Insurance. Agency will maintain insurance coverage as follows, with Customer named as an additional insured: (a) Commercial General Liability: $1,000,000 per occurrence/$2,000,000 aggregate; (b) Employment Practices Liability: $1,000,000; (c) Workers’ Compensation: $500,000 or Statutory Limits; (d) Automobile Insurance: $1,000,000; (e) Employer’s Liability: $1,000,000;(f) Employee Theft/Crime: $500,000; and (g) Excess Umbrella: $2,000,000 All insurance policies will include a provision requiring the insurance company to provide Agency with 30 days’ notice of cancellation or expiration and a 10-day notice of cancellation for non-payment of premium, and Agency shall promptly inform Customer of any such event. All insurance companies must have an A.M. Best rating of A– / VI or better. Upon request, Agency shall furnish Customer with a Certificates of Insurance evidencing such coverage prior to the commencement of Services hereunder and shall continue to provide Customer with subsequent Certificates of Insurance evidencing uninterrupted compliance with this insurance requirement until the termination of this Agreement. Agency shall waive, and cause its insurance carrier to waive, any right of subrogation to be asserted against Customer with respect to workers’ compensation, general liability and commercial automobile coverage that are not the result of the gross negligence, recklessness or willful misconduct on the part of Customer.

Relationship of the Parties.

Independent Contractor. Agency is an independent contractor and neither it nor its Workers are agents or employees of Customer by contract or otherwise. This Agreement shall not be construed as creating an agency, partnership, joint venture, or any other form of association, for tax purposes or otherwise, between the Parties. Neither Party shall have the authority or power to act as the agent of the other Party or otherwise to bind or obligate the other Party without its prior written consent. Customer and Agency acknowledge and agree that: (a) all Workers are employees or contractors of Agency, and not of Customer and Agency will be deemed to be the employer of record; (b) there shall be no co-employment or joint employment between Agency and the Customer; and (c) all Workers shall be supervised by Agency and Agency will provide at Customer’s request, lead employees or supervisors to provide supervision and direction, as determined by any Work Order.

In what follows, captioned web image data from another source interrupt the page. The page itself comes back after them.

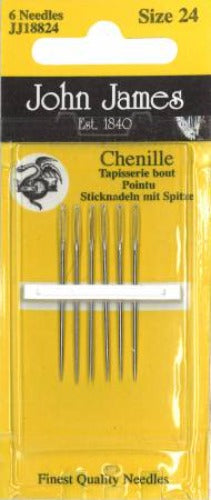 Chenille Needles - Size 24 - John James  Chenille sewing needles are large eye needles and are identical to a Tapestry or a Cross Stitch Needle in length and in diameter. 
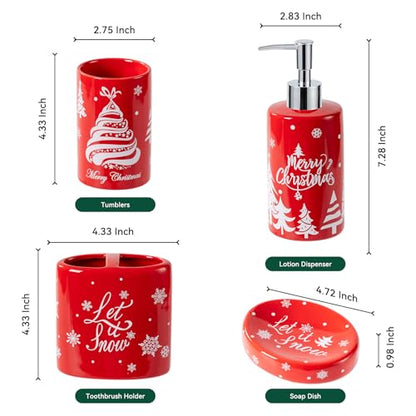 Christmas Bathroom Accessories Set, 4-Piece Ceramic Bathroom Accessory Set Include Lotion Dispenser, Toothbrush Holder Tumbler, and Soap Dish (Red) - color: Red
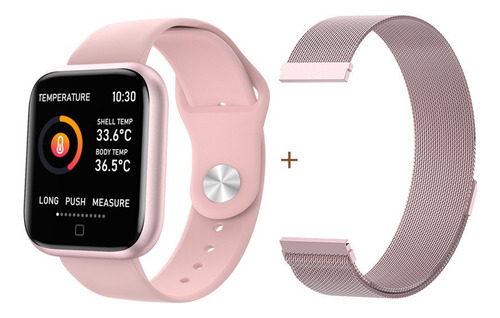 Reloj Smartwatch T80s Rose Mujer 2 Pulseras Con Nfe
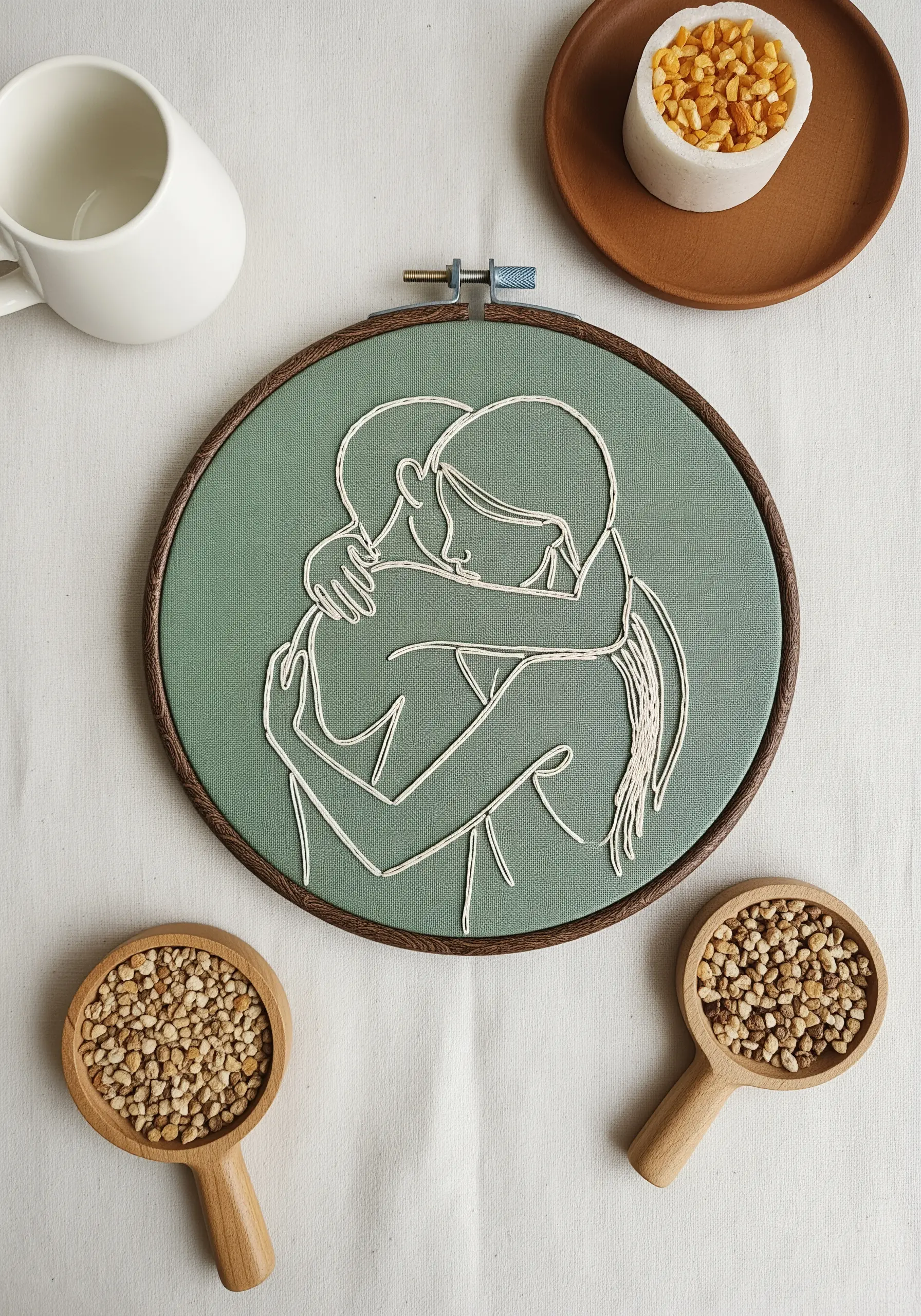 Line art embroidery of an embracing couple, with directional stitching for hair texture.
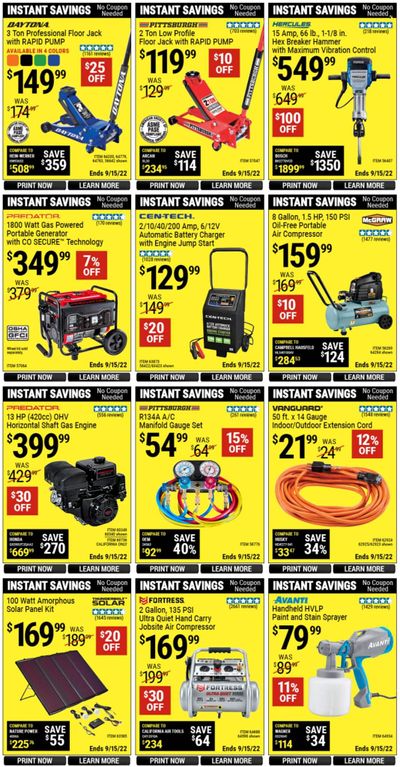 Harbor Freight Weekly Ad Flyer Specials August 22 to September 15, 2022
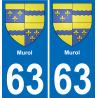 63 Murol escudo de armas de la etiqueta engomada de la placa de pegatinas de la ciudad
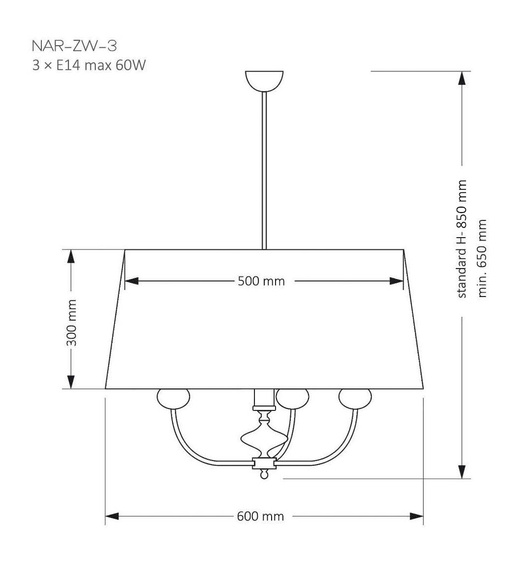 Lampa Zwis Kutek Mood Narni NAR-ZW-3(CZ)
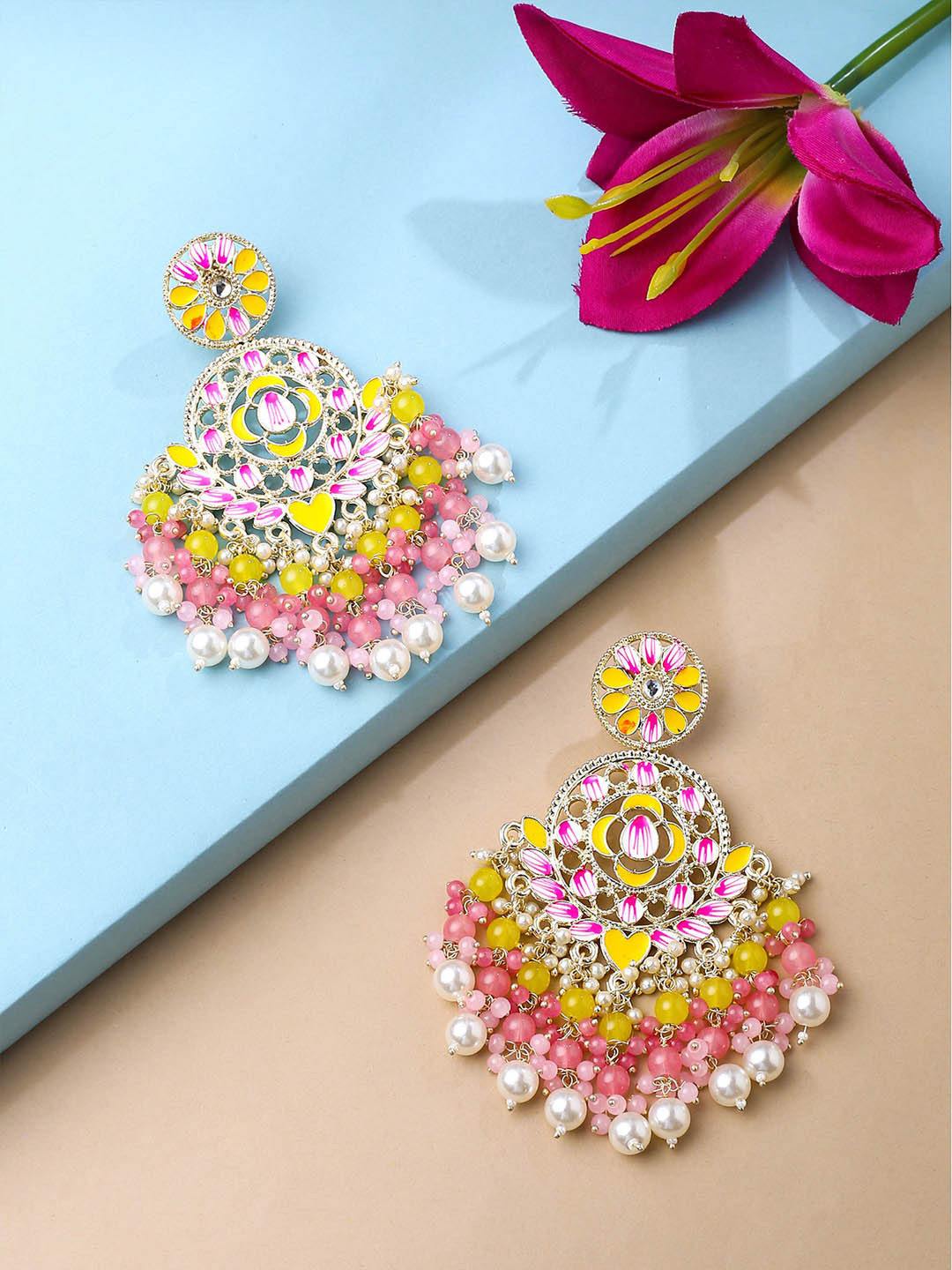

Yellow Chimes Gold-Plated Contemporary Drop Earrings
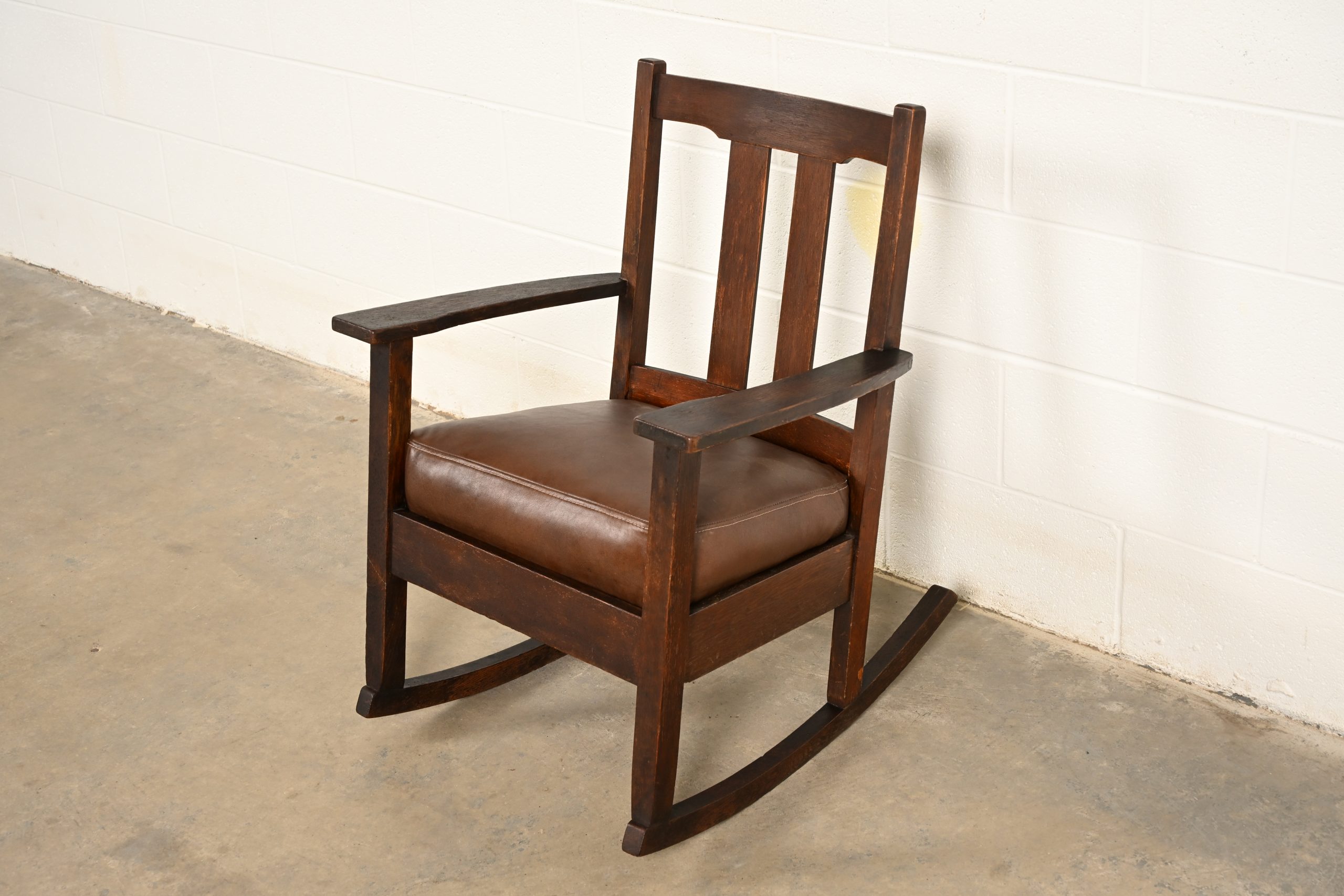 Limbert Antique Mission Oak Arts & Crafts Rocking Chair, Circa 1910 - Image 4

Non-Solicitation. Neither Party shall, directly or indirectly, solicit, hire, or engage—outside of the Marketplace—any employee or worker of the other Party, including but not limited to individuals introduced or sourced through the Marketplace, regardless of classification (e.g., W-2, 1099, temporary, or contract worker). This includes any attempt to circumvent the Nowsta Platform and Marketplace by engaging such individuals directly or through third parties. This restriction shall not apply in cases where: (a) the Worker has completed the minimum number of hours of work as specified by the Agency, or (b) the Customer has agreed in writing to pay a buyout fee as mutually agreed upon by the Agency and the Customer. In the event of a violation of this provision, the offending Party agrees to pay the non-offending Party an amount equal to 350 hours multiplied by the then-current hourly bill rate of the affected Worker, unless otherwise agreed upon in writing by the Parties. This provision does not apply if the Worker independently applies to a publicly posted job without any solicitation or encouragement from the offending Party.

Confidential Information.

General. By virtue of this Agreement, Discloser may disclose to Recipient Confidential Information of Discloser. Recipient agrees not to disclose the Discloser’s Confidential Information to any third party other than as set forth herein for a period of five (5) years from the date of termination or expiration of this Agreement, provided, (a) that trade secret information will be held in confidence until such information no longer qualifies as a trade secret under applicable law, and (b) it will protect the confidentiality of personal data of Workers consistent with applicable laws and regulations, including but not limited to those related to data privacy. Each Party may disclose Confidential Information only to those employees, agents or subcontractors who need to know such information and are required to protect it against unauthorized disclosure in a manner no less protective than required under this Agreement. Recipient may disclose Discloser’s Confidential Information in any legal proceeding or to a governmental entity as required by law provided that Recipient provides prompt written notice thereof to Discloser (to the extent legally permitted) and assistance to enable Discloser to seek a protective order or otherwise prevent or restrict such disclosure.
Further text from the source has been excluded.